[net.micro] summary of talk by Kottke of Apple at Stanford

croft%Safe%su-score@sri-unix.UUCP (02/04/84)

From:  Bill Croft <croft%Safe@su-score>

Some interesting tidbits that came up at the Apple Macintosh talk last
Wednesday at Terman:

The 128K byte memory is organized as 64K 16 bit words.  During
active video, one word can be fetched each microsecond by BOTH
the processor and memory.  Each microsecond the video takes half
the cycle (500 ns) and the processor can take the other.
Since only the RAM is shared with video, processor access to 
ROM can occur at twice this rate (2 megawords per second).  This
is an important consideration since ROM contains many of the heavily
CPU bound code, such as Quickdraw and the OS.  The 2 megaword
rate can also occur for processor RAM access, when the video
is inactive during vertical retrace.  It might be a worthwhile
option to allow the user to idle the video during lengthy computation
(such as a C compilation), if it results in twice the thruput.

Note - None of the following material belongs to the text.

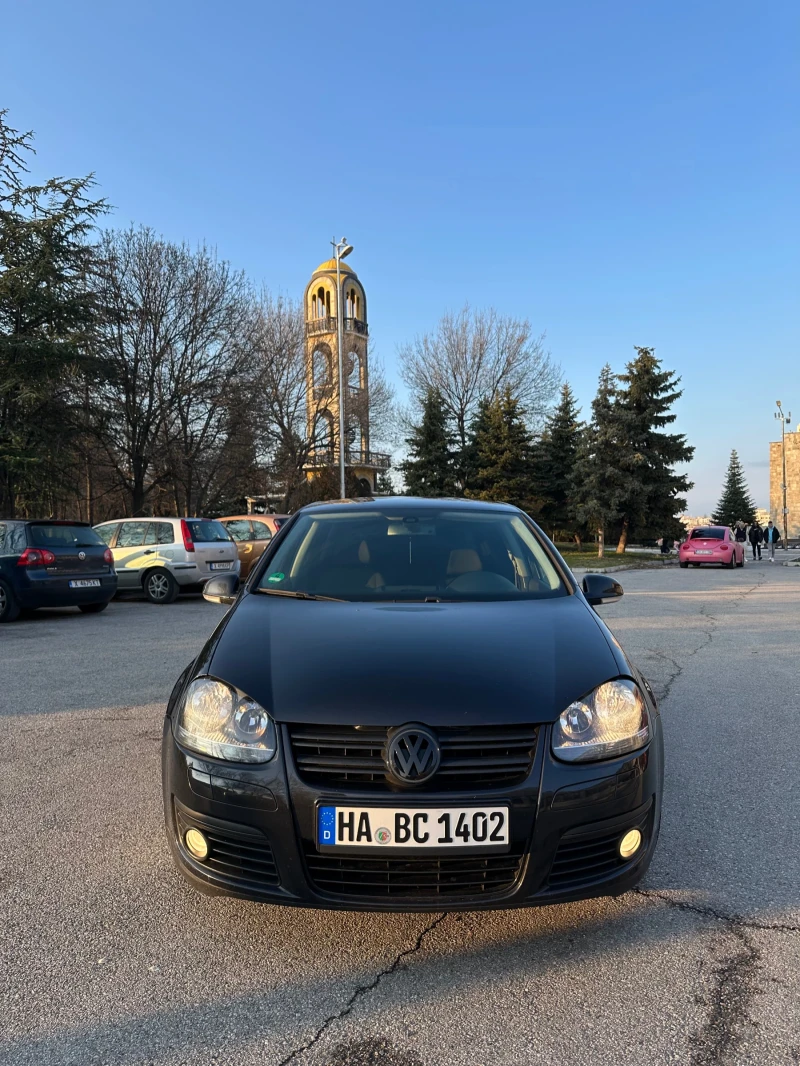 VW Golf 2.0TDI, снимка 1 - Автомобили и джипове - 48743993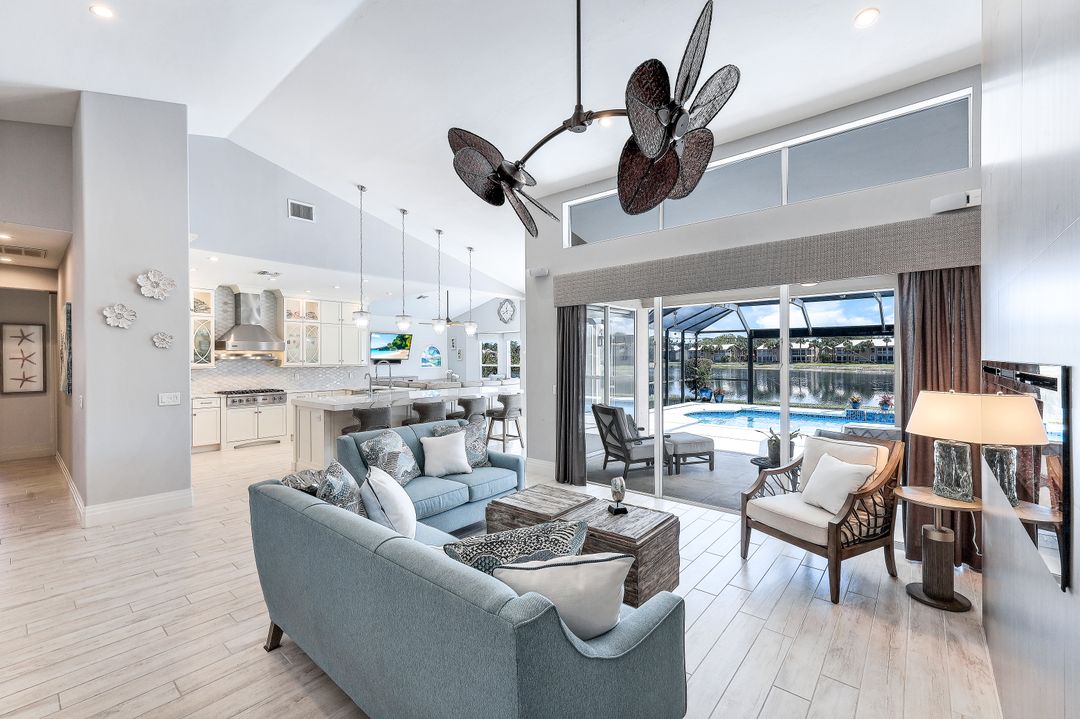 3730 Lakemont Dr, Bonita Springs, FL 34134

The disk controller used is the "IWM", Integrated Wozniak Machine,
a custom VLSI version of the "classic" Woz design for the Apple II.
The disk controller is about the only thing in the system that
is not interrupt driven.  They were forced to do this because of
engineering constraints;  they couldn't find a proper FIFO to
operate with the IWM.  To get around the lack of interrupts, the
disk is "polled" during sector IO.  During disk IO all other
interrupts are turned off for the duration: 12 milliseconds.
Fortunately they also poll for serial input during this interval;
otherwise they would lose characters.

The video screen dot aspect ratio is "square", so that images
undergo no distortion in the mapping from memory to display.
Unfortunately this is not the case on the Lisa's:  the Quickdraw
software on those machines must "draw" an ellipse when a circle
is desired on the screen;  they admitted this was a mistake.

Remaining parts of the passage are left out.